1) Always pay attention to what she says.
2) Make time for her.
3) Be mindful of what I say to her and How I say things to her.
4) Be helpful. Find ways to go out of your way to help her. Relieve her burden.
5) Be her friend. REALLY be her friend.
6) Kiss her more. Make a habit of it.
7) Touch her in a way that conveys love and caring.
8) Tell her you Love her. And mean it.
9) Before I make any plans make sure I consult her. Include her whenever possible.
10) Give her some time off. She works hard too.
...[/QUOTE]

Really good list. It can be so easy to take another person for granted. Even someone you love.

Piora
10-26-2011, 07:18 PM
Dory.....such an emotional roller coaster ride! But I detect such compassion in you....such a love for your wife. And obviously, she loves you very much, too. I think that this whole thing has been good for your marriage. It is going to make it even stronger. You're both obviously working so hard to deal with this issue. With all that you have going for you here....who could think anything but that some real good is going to come out of this. I think if you take baby steps with your Dressing, then that's the way you are going to come to a common ground here.
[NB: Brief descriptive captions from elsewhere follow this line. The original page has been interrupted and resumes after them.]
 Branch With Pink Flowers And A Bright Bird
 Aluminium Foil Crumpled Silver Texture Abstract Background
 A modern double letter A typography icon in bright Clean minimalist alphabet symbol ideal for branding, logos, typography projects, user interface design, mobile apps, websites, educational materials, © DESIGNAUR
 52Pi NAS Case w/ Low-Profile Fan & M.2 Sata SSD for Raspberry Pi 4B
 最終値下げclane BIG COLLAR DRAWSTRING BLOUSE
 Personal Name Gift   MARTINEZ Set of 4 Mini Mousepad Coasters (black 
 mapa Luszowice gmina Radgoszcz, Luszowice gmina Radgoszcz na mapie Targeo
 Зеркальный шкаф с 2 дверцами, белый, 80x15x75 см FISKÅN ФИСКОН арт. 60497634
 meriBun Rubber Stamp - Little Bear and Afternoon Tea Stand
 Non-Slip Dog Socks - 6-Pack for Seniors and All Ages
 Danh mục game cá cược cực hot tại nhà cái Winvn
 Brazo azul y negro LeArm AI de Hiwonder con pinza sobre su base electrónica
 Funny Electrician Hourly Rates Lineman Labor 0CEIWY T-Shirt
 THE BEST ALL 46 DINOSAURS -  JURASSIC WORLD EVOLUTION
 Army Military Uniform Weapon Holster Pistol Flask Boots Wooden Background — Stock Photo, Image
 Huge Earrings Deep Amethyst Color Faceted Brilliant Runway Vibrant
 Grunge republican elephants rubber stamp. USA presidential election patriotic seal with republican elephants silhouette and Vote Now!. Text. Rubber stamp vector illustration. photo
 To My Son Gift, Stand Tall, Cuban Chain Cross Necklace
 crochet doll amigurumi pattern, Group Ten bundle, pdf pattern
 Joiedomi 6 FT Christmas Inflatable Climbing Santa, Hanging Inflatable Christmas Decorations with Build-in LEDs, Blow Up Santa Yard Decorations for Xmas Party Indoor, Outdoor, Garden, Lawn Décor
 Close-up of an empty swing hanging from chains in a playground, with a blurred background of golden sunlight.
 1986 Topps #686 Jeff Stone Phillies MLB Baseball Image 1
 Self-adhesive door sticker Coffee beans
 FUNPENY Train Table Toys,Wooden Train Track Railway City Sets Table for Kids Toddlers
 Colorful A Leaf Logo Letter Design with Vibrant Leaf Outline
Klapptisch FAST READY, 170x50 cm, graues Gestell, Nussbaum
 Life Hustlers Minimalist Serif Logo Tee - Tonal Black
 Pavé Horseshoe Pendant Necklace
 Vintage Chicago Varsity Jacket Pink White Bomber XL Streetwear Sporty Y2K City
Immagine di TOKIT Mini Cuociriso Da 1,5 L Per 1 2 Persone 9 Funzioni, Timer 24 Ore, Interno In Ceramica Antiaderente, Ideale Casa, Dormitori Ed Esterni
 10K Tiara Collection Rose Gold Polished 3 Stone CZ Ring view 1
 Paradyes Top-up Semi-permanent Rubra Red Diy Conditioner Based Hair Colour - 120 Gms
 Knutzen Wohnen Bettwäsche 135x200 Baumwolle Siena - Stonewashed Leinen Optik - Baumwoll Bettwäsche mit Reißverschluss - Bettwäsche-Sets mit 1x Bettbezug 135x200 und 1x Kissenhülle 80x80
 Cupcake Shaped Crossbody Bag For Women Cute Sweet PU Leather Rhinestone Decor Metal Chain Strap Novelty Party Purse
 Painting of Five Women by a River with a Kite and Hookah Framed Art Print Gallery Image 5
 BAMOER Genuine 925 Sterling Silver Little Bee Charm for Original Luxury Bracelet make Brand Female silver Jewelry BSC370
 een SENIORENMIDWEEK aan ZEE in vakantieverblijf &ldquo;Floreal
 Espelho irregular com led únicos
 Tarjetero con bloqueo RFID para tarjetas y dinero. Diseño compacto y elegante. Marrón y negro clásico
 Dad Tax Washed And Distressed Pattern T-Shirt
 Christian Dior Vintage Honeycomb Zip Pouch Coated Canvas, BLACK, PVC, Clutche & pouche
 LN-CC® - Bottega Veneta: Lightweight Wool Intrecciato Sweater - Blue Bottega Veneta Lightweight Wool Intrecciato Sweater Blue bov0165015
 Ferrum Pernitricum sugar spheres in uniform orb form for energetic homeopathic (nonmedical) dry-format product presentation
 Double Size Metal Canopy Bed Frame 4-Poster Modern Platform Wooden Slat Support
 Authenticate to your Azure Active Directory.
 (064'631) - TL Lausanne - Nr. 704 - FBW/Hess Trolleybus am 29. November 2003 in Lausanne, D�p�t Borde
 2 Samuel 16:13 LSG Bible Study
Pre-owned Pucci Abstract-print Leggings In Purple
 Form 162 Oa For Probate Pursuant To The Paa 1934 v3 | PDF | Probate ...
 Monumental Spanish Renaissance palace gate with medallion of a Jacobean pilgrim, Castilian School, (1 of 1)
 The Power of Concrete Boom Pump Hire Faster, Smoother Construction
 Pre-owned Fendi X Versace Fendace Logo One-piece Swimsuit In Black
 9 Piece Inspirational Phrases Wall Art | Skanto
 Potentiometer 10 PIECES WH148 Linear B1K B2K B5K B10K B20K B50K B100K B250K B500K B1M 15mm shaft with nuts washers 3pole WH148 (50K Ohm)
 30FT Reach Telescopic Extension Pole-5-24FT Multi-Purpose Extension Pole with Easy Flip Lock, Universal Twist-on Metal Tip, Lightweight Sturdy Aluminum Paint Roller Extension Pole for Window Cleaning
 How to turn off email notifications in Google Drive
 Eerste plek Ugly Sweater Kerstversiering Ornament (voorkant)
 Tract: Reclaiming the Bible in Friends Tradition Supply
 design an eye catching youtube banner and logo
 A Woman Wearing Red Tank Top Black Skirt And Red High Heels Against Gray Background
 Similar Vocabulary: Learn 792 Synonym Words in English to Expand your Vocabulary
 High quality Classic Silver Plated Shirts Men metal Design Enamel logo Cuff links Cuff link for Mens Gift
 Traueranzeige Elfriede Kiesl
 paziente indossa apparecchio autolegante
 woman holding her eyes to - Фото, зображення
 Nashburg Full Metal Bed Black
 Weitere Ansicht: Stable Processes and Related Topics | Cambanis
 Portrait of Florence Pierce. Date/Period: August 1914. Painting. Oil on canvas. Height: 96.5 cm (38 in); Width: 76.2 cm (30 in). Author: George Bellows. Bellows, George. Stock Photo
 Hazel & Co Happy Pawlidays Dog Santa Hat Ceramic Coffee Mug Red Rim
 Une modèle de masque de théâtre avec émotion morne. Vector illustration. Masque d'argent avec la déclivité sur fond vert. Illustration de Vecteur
As I said, it is obvious that your wife loves you, and as long as you keep talking, really talking.....then you are going to be OK. I can feel it. :hugs:

billie earls
10-27-2011, 11:36 AM
Dory this is a great story, please keep us informed on how everything is going.

Jenny Doolittle
10-27-2011, 12:44 PM
Dory,

Thanks for reminding me and all of the other girls that it is Not all about us, marriage is a two way street and we always need to think of our partner first if we want her to think of us.

AndreaCD1963
10-27-2011, 01:24 PM
So many long storys get boring half way though them! Yours, I can hardly wait 'til chapter three! Thank you for sharing such a wonderful and inspiring story! Hugs to you both!

Agreed!!! All too often I skip over or quickly skim the long ones to save time. I too am looking forward to #3. thank you

HunkyDory
10-27-2011, 08:14 PM
TY all for such kind words. I am so glad I found a forum of such wonderful people. You all have such stellar advice when someone poses a question or problem. And there is also such compassion and acceptance here too. I don't think I would have approached my wife without this forum to guide me.

As for my chapter 3 it will be a bit of time to see where this all goes. Both of us have many things we have to deal with first in our lives. I think my dressing will take a back seat for now but at least I am comfortable with myself and where I stand. As we get thru this upcoming holiday season I hope we both can bond closer and find a better nirvana that we can both be happy in. She may be okay with meeting Dory and help me with exploring. Maybe she doesn't want to participate but will give me the time to find myself. At least she knows and I don't have to hide from her, afraid of what she will think.